*This is a Jupyter Notebook. To run a gray code cell, click in the cell and either click the play arrow or type shift+enter (shift+return on a Mac).*

# <br>Finding Patterns in Strings

This is a task that comes up a lot in coding. Some common uses:
- see if data is present
- extract data from a software output file
- extract data from text
- remove data (names, pronouns, or other info) from text


This can be divided into two general questions:
1. Is the data there?
2. Where is the data? (to remove it or collect it)

For matching exact substrings, Python has some built-in functions. For matching more complicated patterns, you will need to use the Python package `re`, which stands for **regular expressions**.

**Regular expressions** are not unique to Python. They are built from a *regular language*, which is a language of symbols.

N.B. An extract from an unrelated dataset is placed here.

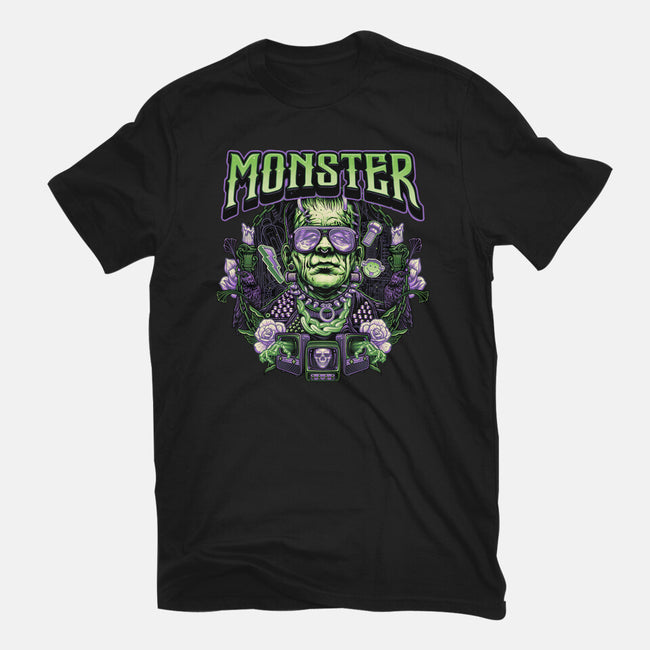 Punk Monster-Womens-Fitted-Tee-glitchygorilla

Each symbol designates either something to search for - for example, a digit or an uppercase letter - or some way to search - for example, "do not include" or "return any number of" or "only return if it is at the beginning or end of a word". These symbols can be combined to search for the exact pattern you are looking for. Sometimes regular expressions are also called **regexes** and working with regular expressions is called **regex**.

The *regular language* contains hundreds of symbols, and we do not have time to learn all possible searches today. You may be wondering, "Can I search for (fill in your pattern here)?" The answer is always yes, but we might not get to it today. For a more thorough tutorial on the `re` package in Python, I recommend the Real Python Regex tutorial: https://realpython.com/regex-python/. Most of RealPython's tutorials are behind a paywall, but this one is available for free. 

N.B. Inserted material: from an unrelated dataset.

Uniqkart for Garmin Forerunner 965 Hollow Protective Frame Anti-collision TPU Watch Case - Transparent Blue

## <br><br>Searching for exact strings using Python's built-in functions

#### Is the data there?

To see if an exact substring is present, we use the `in` boolean operator:

In [139]:
full = "Morgan Taylor 555-555-1890"

In [140]:
if "Taylor" in full:
    print("True")

True


In [141]:
if " 555-" in full:
    print("True")

True


In [142]:
" 555-" in full

True

#### <br><br>Where is the data?

The method function `find()` returns the index position of the first character in the search string.

In [143]:
full = "Morgan Taylor 555-555-1890"

In [144]:
full.find(" 555-")

13

In [145]:
full[13]

' '

In [146]:
full[13:]

' 555-555-1890'

In [147]:
full.find("Taylor")

7

If we wanted to return the entire substring in the full string (to collect it or remove it) we could do something like this:

In [26]:
search_term = "Taylor"
length_term = len(search_term)
start = full.find(search_term)
end = start + length_term
full[start:end]

'Taylor'

#### <br><br>A note about collecting or removing data from strings

Sometimes, you will need to search for one string in order to locate another. This would be if the data you need doesn't follow a strict pattern but some some substring near the data you need does follow a pattern.

For example, let's say you wanted to extract filenames from a list of text lines. The filenames are all different, with different extensions, but each filename is preceded by the phrase "Filename: ". 

In [20]:
data = ["Date: 11-10-19\tFilename: 73820.pdf\tAuthor: User", 
        "Date: Unknown\tFilename: giantPicture.jpeg\tAuthor: Unknown", 
        "Date: 12-01-19\tFilename: gene3820028.txt\tAuthor: User", 
        "Filename: P38HAK8.EXE\tAuthor: Admin"]

Using regular expressions, you could search for the pattern of the actual filename - a series of letters or numbers followed by a dot followed by three or four letters. But it would be much easier to search for the consistent string "Filename: " and take what is after it. Keep this in mind when searching for patterns in strings: The pattern may be before or after the data you actually desire.

In [22]:
for line in data:
    start = line.find("Filename: ")
    short_line = line[start:].replace("Filename: ", "")
    end = short_line.find("\t")
    filename = short_line[:end]
    print(filename)
    

73820.pdf
giantPicture.jpeg
gene3820028.txt
P38HAK8.EXE


### <br><br>Exercise 1

In [148]:
output = "The file provided produced two statistics. Average time spent in the pool was 1.112 hours. Average number of swimmers was 46.0."
print(output)

The file provided produced two statistics. Average time spent in the pool was 1.112 hours. Average number of swimmers was 46.0.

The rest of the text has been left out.